_Work to be completed_
Repeat the data exactly, please; no pictures belong in the copy.

**** Provided material

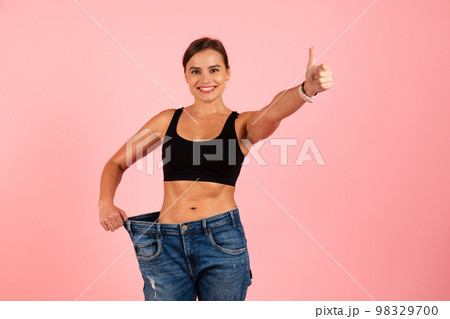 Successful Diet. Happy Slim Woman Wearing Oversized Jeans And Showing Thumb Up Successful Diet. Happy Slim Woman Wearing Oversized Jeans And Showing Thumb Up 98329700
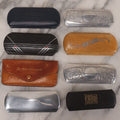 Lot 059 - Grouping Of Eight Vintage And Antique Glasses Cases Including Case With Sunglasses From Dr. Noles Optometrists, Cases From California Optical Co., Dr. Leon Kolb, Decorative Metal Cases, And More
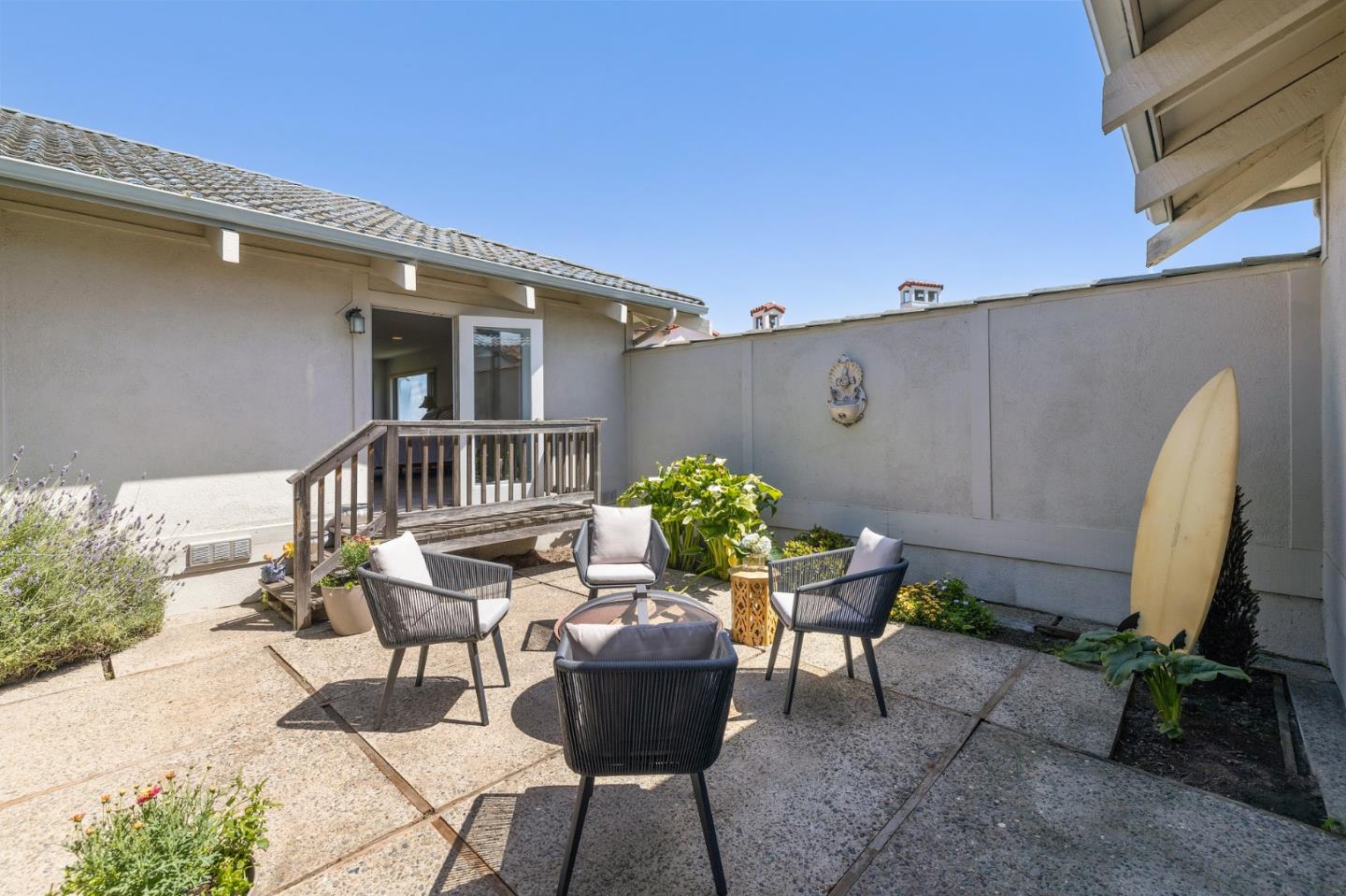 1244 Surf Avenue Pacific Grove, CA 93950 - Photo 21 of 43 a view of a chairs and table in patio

********

_Result_
 Successful Diet. Happy Slim Woman Wearing Oversized Jeans And Showing Thumb Up Successful Diet. Happy Slim Woman Wearing Oversized Jeans And Showing Thumb Up 98329700
 Lot 059 - Grouping Of Eight Vintage And Antique Glasses Cases Including Case With Sunglasses From Dr. Noles Optometrists, Cases From California Optical Co., Dr. Leon Kolb, Decorative Metal Cases, And More
 1244 Surf Avenue Pacific Grove, CA 93950 - Photo 21 of 43 a view of a chairs and table in patio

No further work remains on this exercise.